5. 1999 Gonzaga Bulldogs
In many ways LSU's run was more impressive than Gonzaga's. Heck, the Bulldogs were only a #10 seed, and they didn't even make the Final Four! But LSU plays in the SEC, after all. Gonzaga comes out of the unheralded (especially at the time) West Coast Conference, a conference only known previously for producing the 1990 Loyola Marymount team that might have cracked a slightly longer version of this list. But Gonzaga really kicked off the last decade-plus of mid-major darlings with their 1999 run that included a first round defeat of #7 Minnesota, a second round shock of #2 Stanford, and a 73-72 nail-biter over #6 Florida before finally falling to eventual champion #1 UConn in the regional final. Amazingly, despite their reputation as a Cinderella and despite their eventual rise as high as a #2 seed (in the 2004 tournament), Gonzaga has never again made it as far as the Elite Eight.
4. 2010 Butler Bulldogs
This would be higher except Butler was a #5 seed in the 2010 tournament - and if you can get a seed that high out of a mid-major conference, it usually means you were pretty good. Butler, in fact, was 28-4 entering the tournament and had gone undefeated in the Horizon League, with key out-of-conference wins over a ranked Ohio State team and Xavier. Even the most optimistic fans could not have expected what happened, though. After a commanding win over #12 UTEP in the first round, Butler slipped past #13 Murray State by just two points. In the Sweet 16, they jumped to a ten-point halftime lead on #1 seed Syracuse before giving it all back and then some in the second half. The Orange went up 54-50 with 5:28 to play on a Kris Joseph dunk... and then, right at the point when Cinderella has blown its lead and folds, Butler went on an 11-0 run over the next 4:54 to seal an eventual 63-59 win. Butler took a seven-point halftime lead on #2 Kansas State in the regional final en route to a 63-56 win, and then held off Michigan State, another #5 seed, 52-50 in the national semis to score a title game meeting with big bad #1 seed Duke. Playing in its home city of Indianapolis, the Bulldogs fought hard but eventually lost 61-59 when Gordon Hayward's half-court heave at the buzzer glanced off the backboard and rim, depriving us all of what would have been probably the greatest moment in NCAA Tournament history.

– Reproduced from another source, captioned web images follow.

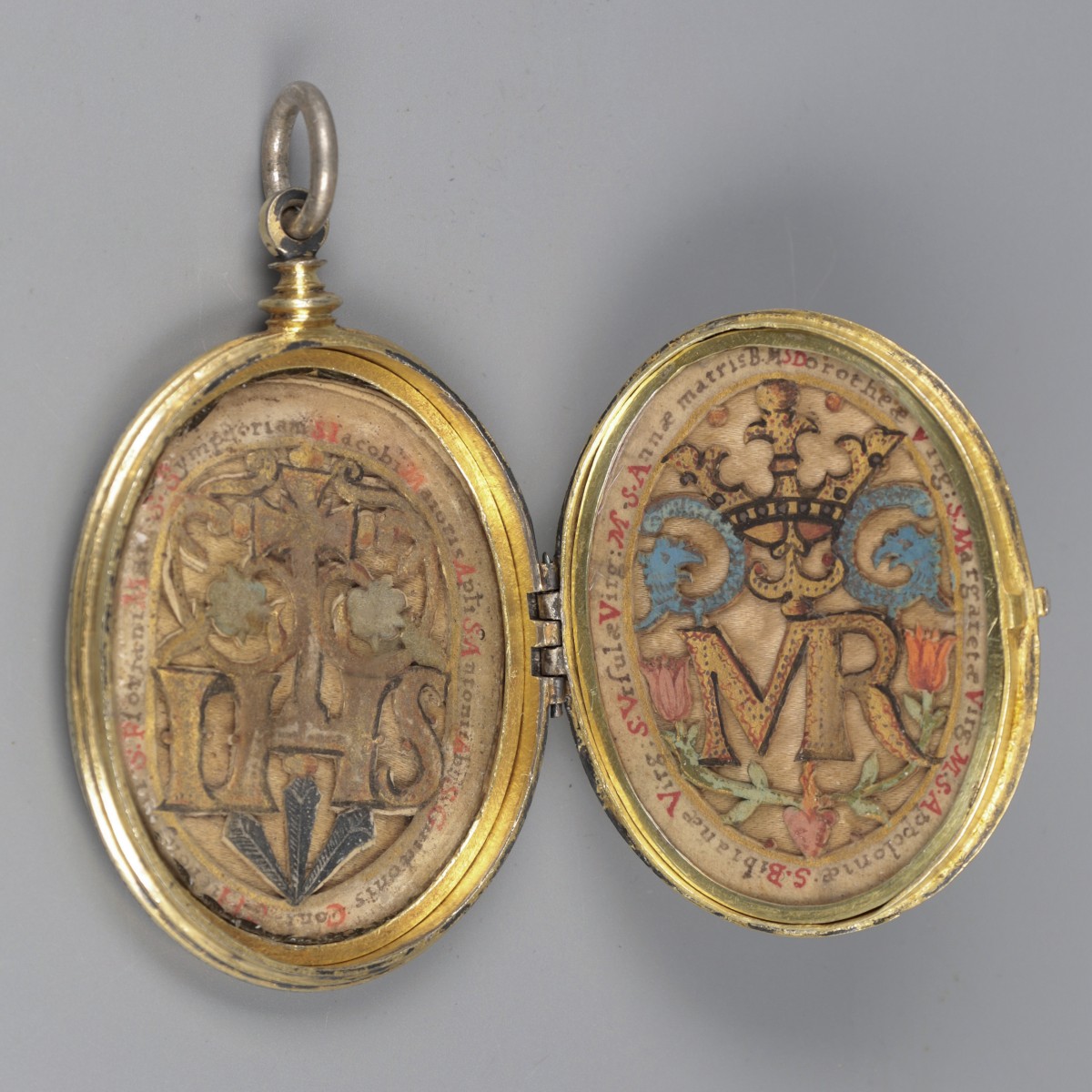 Liturgisch chatelaine medaillon, Europa 18e eeuw, verguld / zilver.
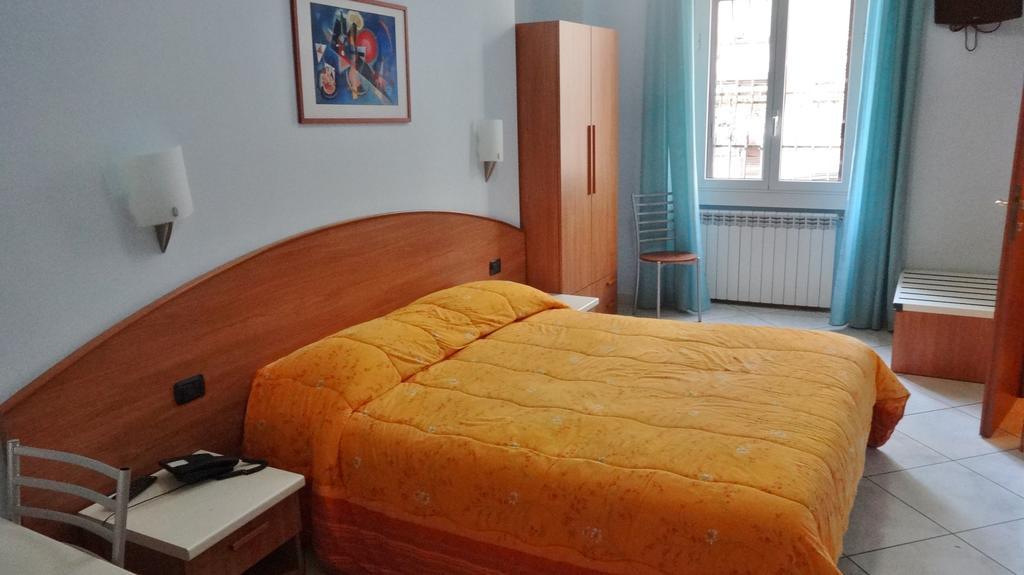 Hotel Hotel2000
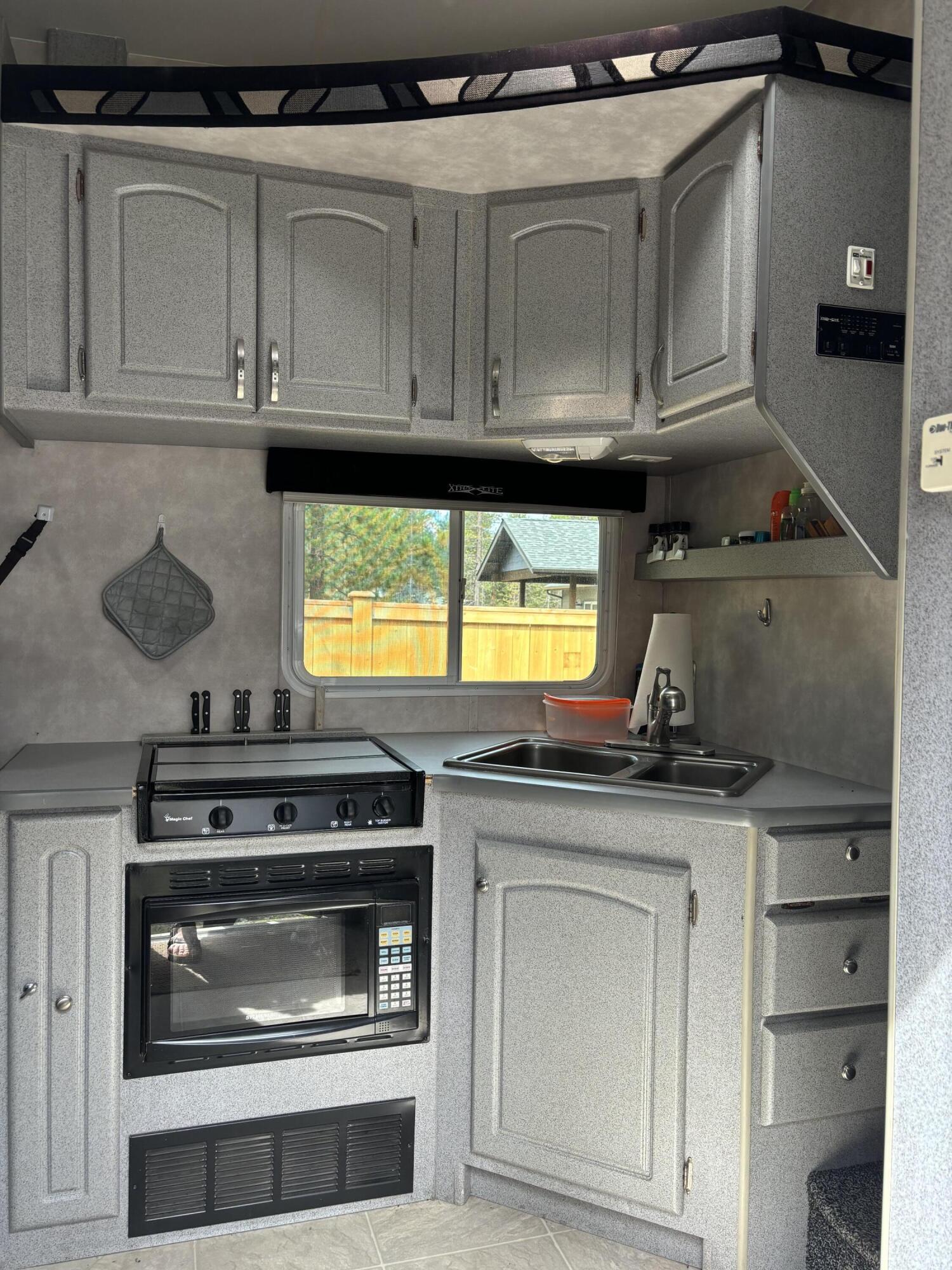 Cw Reeve Resort - Residential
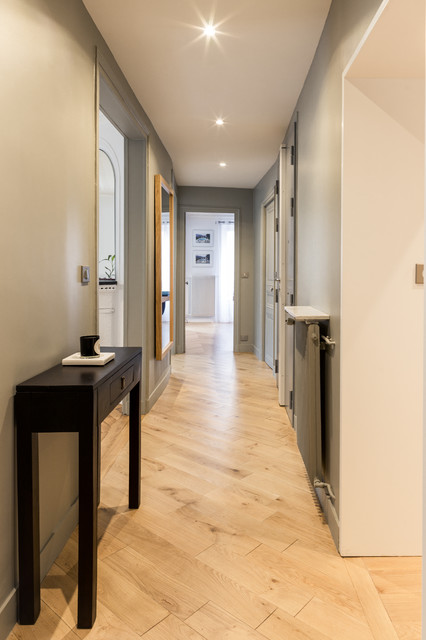 Rénovation d'un appartement haussmannien 4 pièces - Contemporain - Couloir  - Paris - par Créateurs d'Intérieur | Houzz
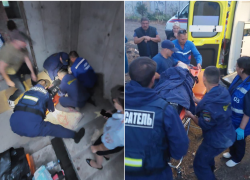 В Астрахани спасатели эвакуировали раненого ребенка из здания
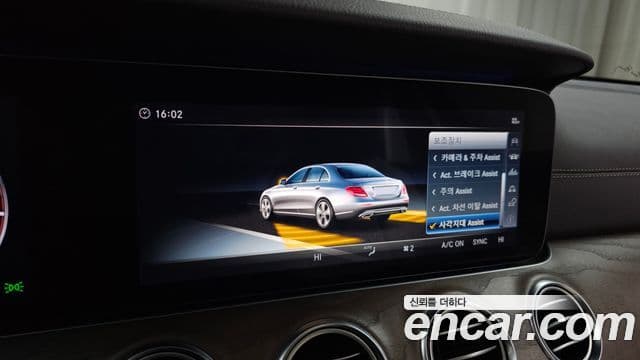 Mercedes-Benz E-Class 2018 — Şəkil 19/20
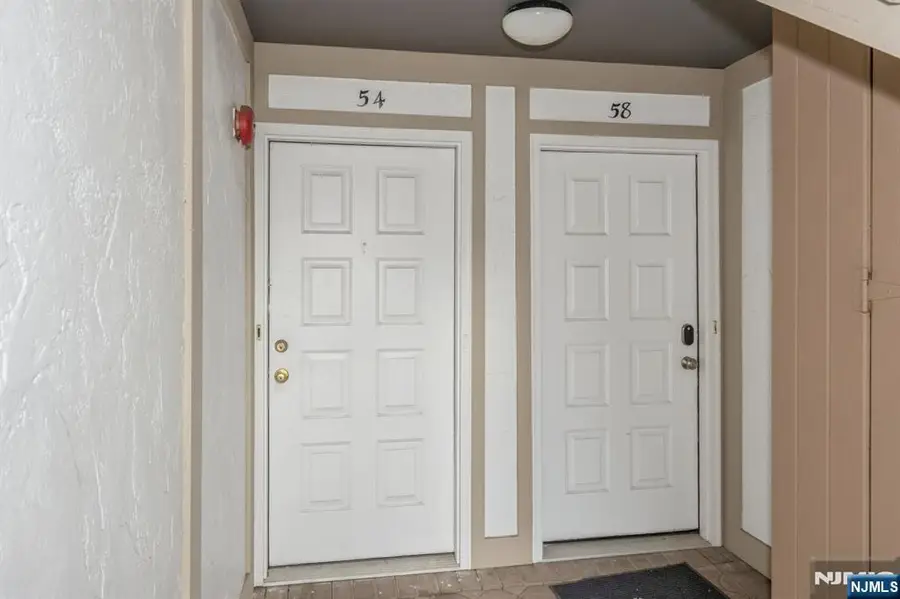 54 Paris Circle 1954, West Orange, NJ 07052 - Image #3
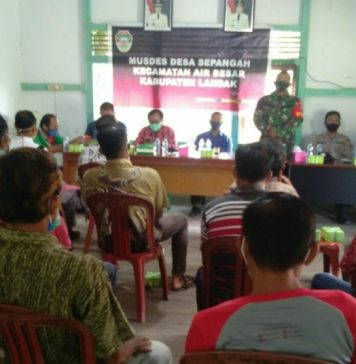 Babinsa Korami Air Besar Hadiri Rapat Perdes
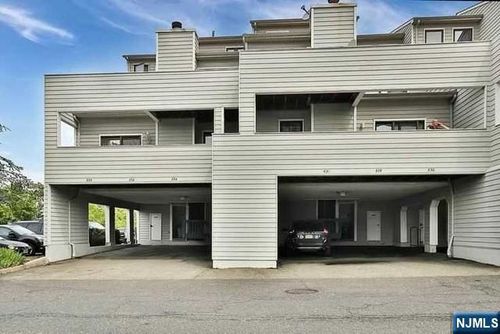 833 Topsail Ln, Secaucus, NJ, 07094-2237 | Card Image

3. 2006 George Mason Patriots
If Gonzaga started the mid-major party of the last decade-plus, it was George Mason who finally accepted the invitation to crash into the Final Four. The Patriots tied for first during the regular season in the Colonial Athletic Association, but crashed out in the conference tournament semifinals and lost one of their best players to suspension (for punching an opponent in the junk) in the process. Entering the tournament as the East's #11 seed, Mason was an afterthought - at least until they knocked out #6 Michigan State and #3 North Carolina, both Final Four teams from the previous year, in the first two rounds. After taking out #7 Wichita State in an all-mid-major Sweet 16 affair, the Patriots took on top seed Connecticut, a talented team with a tendency to sleepwalk through long periods of big games, which had nearly cost them in an overtime win over #5 Washington in the Sweet 16. The Huskies led by nine at halftime after a 15-5 run over the final three minutes of the first half, but Mason crawled back to take the lead with 11:12 to go and neither team led by more than four afterwards. The Patriots were up 74-70 with 23 seconds to go, but UConn once again managed to force overtime on a Denham Brown layup at the buzzer. Unfazed, Mason went up 85-80 with 41 seconds left in overtime and hung on for the 86-84 win when Brown missed a three at the buzzer, completing a miracle run that saw defeats of three of the previous six national champions. The eventual champion Florida Gators ended Mason's Cinderella dream in the national semis; it would take Butler four years later to make the next step for mid-majors.
2. 2011 VCU Rams
The question is, can VCU (or, for that matter, this year's Butler team) win it all and take that final step? If this were last year, VCU's five wins would already have them in the title game; of course, if this were last year, VCU wouldn't even have made the field. Regardless of what they've achieved, the Rams were a curious at-large selection at best - they finished fourth in the CAA, behind a Hofstra team that ended up in the CBI Tournament, and although they took third place in the NIT Season Tip-Off with a win over UCLA, there wasn't much on their resume to suggest they belonged in the field over, say, a Colorado team that had beaten Kansas State three times. But there VCU was in the opening round game against USC for the right to be the Southwest Region's #11 seed. The Rams won that one, then faced #6 Georgetown... and shot the Hoyas out of the building, burying 12 three-pointers and never trailing after the 7:47 mark of the first half. They then did much the same to #3 Purdue, never trailing after the 5:54 mark of the first half. They had more trouble with #10 Florida State, going to overtime after failing to score in the final 3:14 of regulation, and needed a layup with six seconds left to pull out the 72-71 win. But just when you thought their magic had run out, they jumped out to a first-half lead of as much as 18 points on top seed Kansas and never trailed after the 14:02 mark of the first half en route to a stunning 71-61 win. My future brother-in-law, a Duke fan, commented that Butler would be going back to the title game after hearing that VCU had advanced. Um, haven't we learned better than to write VCU off by now?
1. 1985 Villanova Wildcats
They're not a mid-major, and so they could be passed by VCU should the Rams somehow win it all. But Villanova's run from the #8 seed to the 1985 national championship is surely the most incredible in the 64-team era. The Wildcats squeaked by #9 Dayton by just two points in the first round, then toppled #1 Michigan by four and #5 Maryland by three before shocking #2 North Carolina 56-44 to advance to the Final Four. Playing the only non-Big East Final Four team in Memphis, Villanova won 52-45 to set up a meeting with #1 Georgetown, the defending national champions and a team that had beaten Villanova twice during the regular season. This time, the Wildcats nearly threw a perfect game - they shot 22-of-28 from the floor and were 22-of-27 from the free throw line - and they needed every last one of those shots in a 66-64 win that saw Georgetown make 29-of-53 field goals but get to the line a mere eight times, making just six. Whether Villanova could have made a run like this with a shot clock (this was the last tournament without one) might be questionable, since it was their ability to wait for the perfect shot that enabled them to beat the Hoyas, but hey, they didn't have to. Until another team seeded this low wins it all, Villanova will own the most incredible run in the history of the 64 (or more)-team tournament.